My name is Elissa Waller Biegen, and I am proud to be a Beber Camp Legacy member.  I became a camper at Beber Camp 38 years ago during Beber Camp’s third summer.  I had been a camper at Perlman Camp for two years, but, at age 12, I wanted something a little different.  Julie Tucker, one of my bunk mates from Perlman, and I decided to switch and go to Beber Camp in 1979, and it was the perfect fit for us! 

During our first year, there were four girl cabins and four boy cabins.  We didn’t have hobbies or cabin activities.  With only 60 people in camp, everyone did everything together (it was kind of like “who wants to go skiing today?” and we decided on the fly what we would do).  Sometimes our bunk got to go water skiing three times a week!  Everyone in camp was friends with everyone – age was irrelevant for us.  There were no units, it was just one small group and we became very close.  During the school year, I would get together with my Beber friends every Thanksgiving in a different city (Cleveland, Louisville, New York). 

I was a camper for three years, a CIT for one year (at age 15) and the next year I was a counselor at age 16 for the oldest girls bunk.  It is amazing to me that for the short amount of time I was at Beber, it has had the biggest impact on my life.  In those days, we had to really work hard for our friendships.  Long distance phone calls were expensive, so you couldn’t call that much, and there was certainly no texting or email.  You had to write letters.  We would send each other tape cassettes of us talking and mail them around to each other.  We put in a lot of effort to maintain those relationships and my Beber friends are still my closest friends today.  I speak to many of them weekly if not more frequently.  Our children grew up together and think of each other as cousins, not just friends.

My friend, Laura Gewurz (who was my CIT when I was a camper), and I started the first alumni reunion in 1993, before I even had kids.
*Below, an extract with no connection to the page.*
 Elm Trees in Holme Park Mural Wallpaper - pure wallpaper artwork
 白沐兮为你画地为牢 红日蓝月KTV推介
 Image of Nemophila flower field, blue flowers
Actually, it was the year I started dating Matthew, my husband.  We sat on the floor of Laura’s living room and tried to figure out how we were going to start finding everyone and getting in touch with them….this was well before Facebook and the ease of everyone having an email address.
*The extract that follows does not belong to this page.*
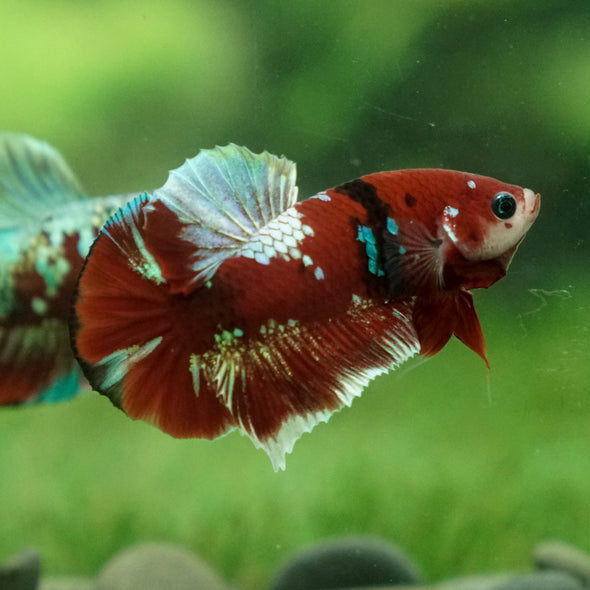 Multicolor/Galaxy Koi Plakat -13 weeks Old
Fast forward 14 years and in 2007 my husband and I sent our two children to Beber at ages 7 and 8.  My husband always knew that there was no other option for our kids – they were going to Beber Camp.  This past summer was their 10th summer at Beber.  Our oldest was a counselor and our youngest was a CIT.  Beber Camp and the friends they have made has become part of their lives and I hope that they will continue this tradition on to their families when they have them.

So, when it came time to think about where I might want to leave my legacy, it was clear to me.  The experience at Beber is something that all Jewish children should have and making a commitment to Beber to leave a legacy is a way that I can help make that opportunity possible for other children.  I’m pleased and proud to be a Beber Camp legacy member and know that even after I’m gone I will have created the opportunity for other children to have what I had (and still have) and what my children have!